The entire first corridor seemed to come alive.
From the darkness ahead, from gaps at the sides, from behind piles of still warm corpses, monsters moved in unison. There was no pause. No long signal. As if a single decision had been made, and every body obeyed without hesitation.
The small creature stood behind the ranks.
Its voice rose.
No longer short. No longer broken.
Now it screamed.
A high pitch, piercing, chaotic to human ears. But the monster horde understood it. Their massive bodies responded like muscles pulled by reflex.
Fifty.
Sixty.
The number was hard to count.
They charged.
Glenn immediately raised his sword.
"Tight formation," he said. "Do not break."
There was no time to hesitate.
Dilos stepped forward.
His steps slammed against the stone floor with a heavy sound. The pooled blood splashed around him. The metallic stench grew thicker, mixed with the reek of exposed entrails.
The first monster crashed into him.
A massive body. Long fangs. Its weight exceeded that of two grown adults.
Dilos did not evade.
The impact sounded like wood striking stone.
The monster came to a dead stop.
Dilos's arm moved.
A single swing.
The monster's head was severed and rolled across the floor, stopping right at Glenn's feet.
The second and third monsters followed.
Claws struck. Jaws snapped shut. Huge bodies pressed in from the front and the sides.
Dilos stood at the center.
He became the axis.
Every attack was drawn toward him.
And that created space.
Glenn moved.
His sword swept from left to right, severing the legs of a monster trying to circle around Dilos. Another thrust slipped through a narrow opening, straight into a throat. Another moved swiftly, stopping a monster that broke through by cutting off both of its arms.
They did not fight with emotion.
They fought calmly.
Every step had a purpose.
Every slash reduced the pressure.
Monsters fell, yet their numbers did not seem to diminish. Those that died were replaced by new ones. Those that fell were trampled by the bodies behind them.
The corridor changed.
Once gray stone.
Now dark red.
The floor was slick with blood. Body parts piled up in the corners. Heads without bodies, bodies without heads, hands still gripping weapons.
Dilos kept moving.
His skin was now covered in impact marks. Deep purple bruises bloomed across his arms and shoulders. His breathing grew heavier, but its rhythm remained steady.
He endured.
He endured everything.
The large monsters were directed at him. The smaller ones tried to slip through to the rear, but Glenn and the others cut them down before they could get close.
The small creature retreated.
One step.
Then another.
Its eyes were no longer calm.
It watched.
It calculated.
It realized one thing it could not change.
As long as the being called Dilos stood at the front, all of its tactics collapsed.
Its voice changed again.
High pitched.
Pressed.
The large monsters moved backward, forming a circle. They did not attack. They protected.

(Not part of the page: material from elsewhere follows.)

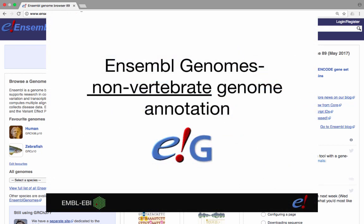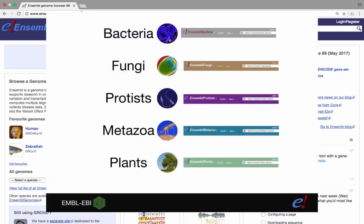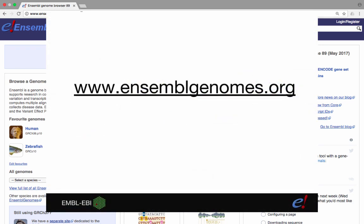While Ensembl is focused on chordate species, Ensembl Genomes is a sister project that extends Ensembl across the taxonomic space and is dedicated to non-chordates, namely bacteria, fungi, protists, non-vertebrate metazoans and plants. You can find the Ensembl Genomes project pages at www.ensemblgenomes.org.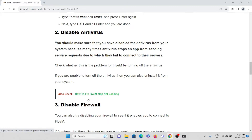The second method is to disable the antivirus. We all install antivirus on our systems to avoid viruses, but antivirus software can treat the FiveM application as junk files or spam. That's the reason you may be facing this issue. You can disable the antivirus for some time until you finish using the FiveM application, then re-enable it once you are done.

The small creature now stood at the center.
Glenn saw it.
"It's retreating," he said. "Not fleeing."
Dilos stopped advancing.
He stared at the small creature.
The core within his body vibrated more violently.
The resonance was now unmistakable.
No longer a suspicion.
It was a call.
"Primary target," he said shortly.
No one objected.
Their resolve shifted.
Not excitement.
Not greed.
Focus.
The small creature screamed again.
The large monsters closed in, forming a living wall.
Dilos advanced.
He struck.
Massive bodies were thrown aside. The sound of bones breaking rang clearly. The guarding monsters fell one by one. Glenn and the others followed behind, exploiting the gaps Dilos forced open.
The battle became one sided.
But exhausting.
Every step forward was paid for with strength. Breaths burned hot in their chests. Muscles stayed tense longer than usual.
Monster corpses continued to pile up.
At last, only a few remained.
The small creature was now clearly visible.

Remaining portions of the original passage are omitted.